Work required> The required answer is the data below, restated word for word with images omitted.

Records shown>
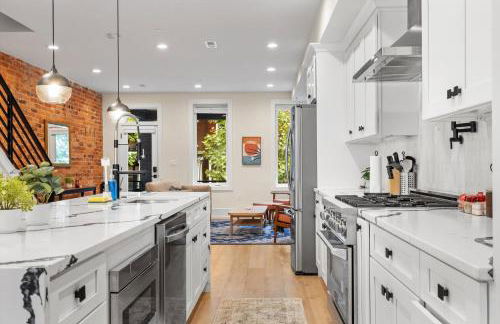 Central DC 5-BR Townhome - Walk to METRO-rail - Foto 2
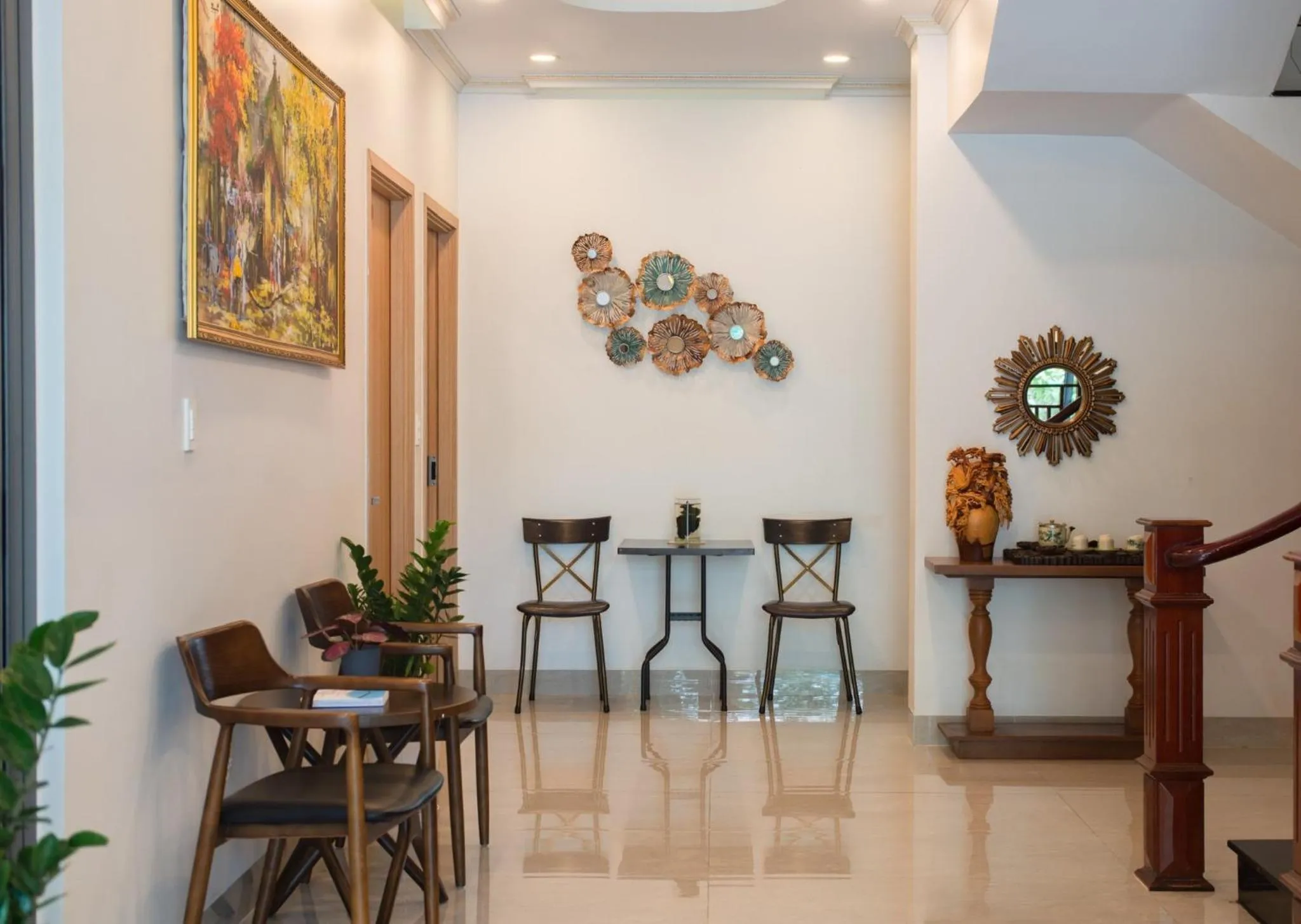 hair dresser in West Lake Hotel - Near Bai Dai Beach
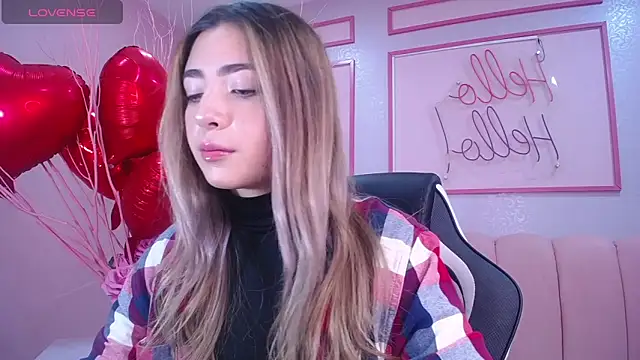 Snapshot of channel_blonde_a chatting on February 12, 2025, 4:33 pm channel blonde a online show from February 12, 2025, 4:33 pm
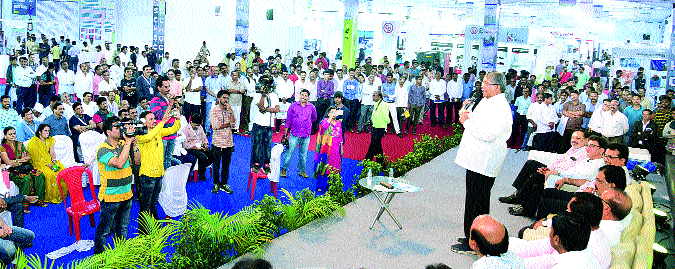 New Textile Policy Soon | नवे वस्त्रोद्योग धोरण लवकरच New Textile Policy Soon | नवे वस्त्रोद्योग धोरण लवकरच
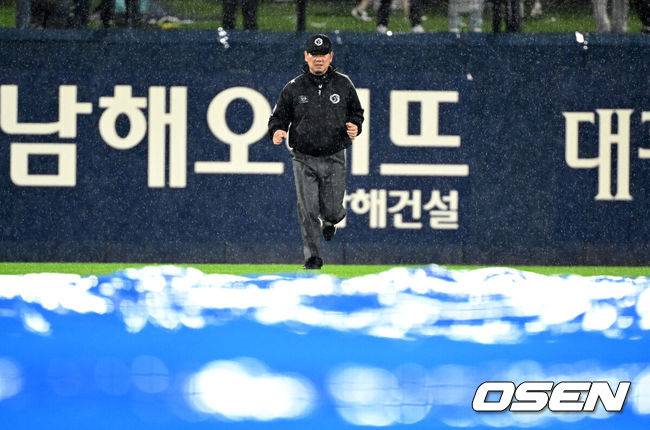 [OSEN=광주, 이대선 기자] 한국시리즈 사상 최초로 우천 서스펜디드 경기가 생겼다.&nbsp;21일 광주-기아 챔피언스필드에서 열린 2024 프로야구 한국시리즈 1차전이&nbsp;많은 비로 인해 경기를 완성하지 못했다. 6회초 삼성이 1-0으로 앞선 가운데 경기가 중단됐다. 비는&nbsp;끝내 그치지 않았고 서스펜디드를 선언했다. 양팀은 22일 오후 4시부터&nbsp;나머지 경기를 치른다. 포스트시즌 사상 첫 서스펜디드 경기였다.&nbsp;&nbsp;&nbsp;그라운드를 점검한 심판진이 중단을 선언하고 있다. 2024.10.21 / sunday@osen.co.kr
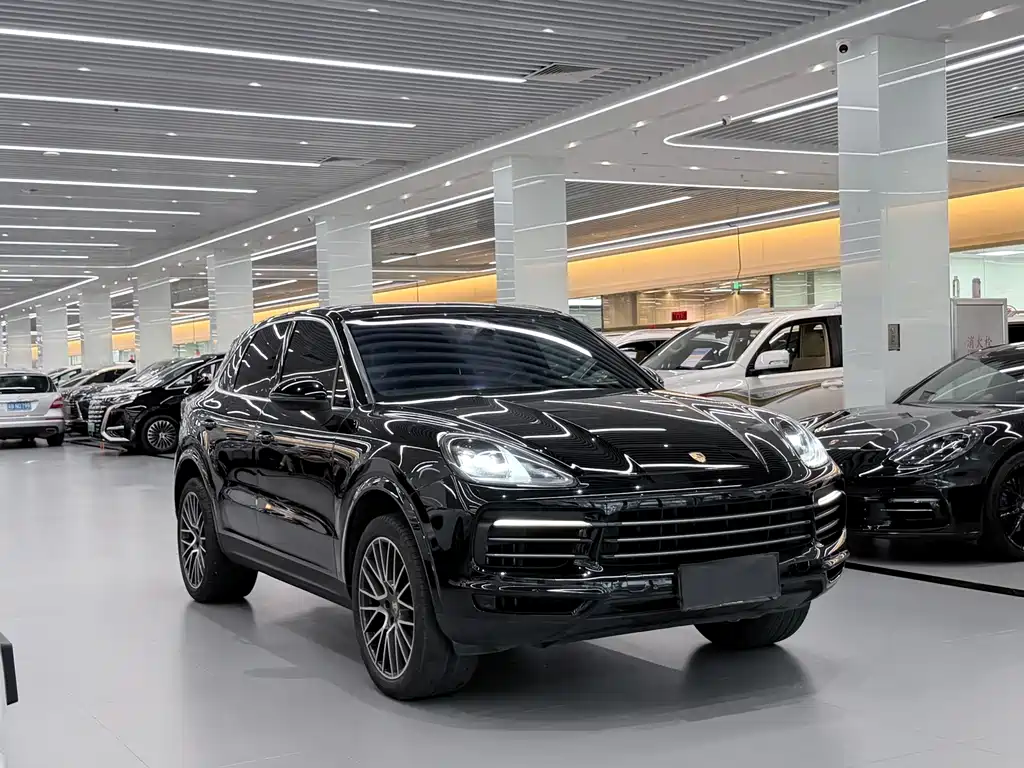 Porsche Cayenne — фото 3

Response area>
 Central DC 5-BR Townhome - Walk to METRO-rail - Foto 2
 hair dresser in West Lake Hotel - Near Bai Dai Beach
 Snapshot of channel_blonde_a chatting on February 12, 2025, 4:33 pm channel blonde a online show from February 12, 2025, 4:33 pm
 New Textile Policy Soon | नवे वस्त्रोद्योग धोरण लवकरच New Textile Policy Soon | नवे वस्त्रोद्योग धोरण लवकरच
 [OSEN=광주, 이대선 기자] 한국시리즈 사상 최초로 우천 서스펜디드 경기가 생겼다.&nbsp;21일 광주-기아 챔피언스필드에서 열린 2024 프로야구 한국시리즈 1차전이&nbsp;많은 비로 인해 경기를 완성하지 못했다. 6회초 삼성이 1-0으로 앞선 가운데 경기가 중단됐다. 비는&nbsp;끝내 그치지 않았고 서스펜디드를 선언했다. 양팀은 22일 오후 4시부터&nbsp;나머지 경기를 치른다. 포스트시즌 사상 첫 서스펜디드 경기였다.&nbsp;&nbsp;&nbsp;그라운드를 점검한 심판진이 중단을 선언하고 있다. 2024.10.21 / sunday@osen.co.kr
 Porsche Cayenne — фото 3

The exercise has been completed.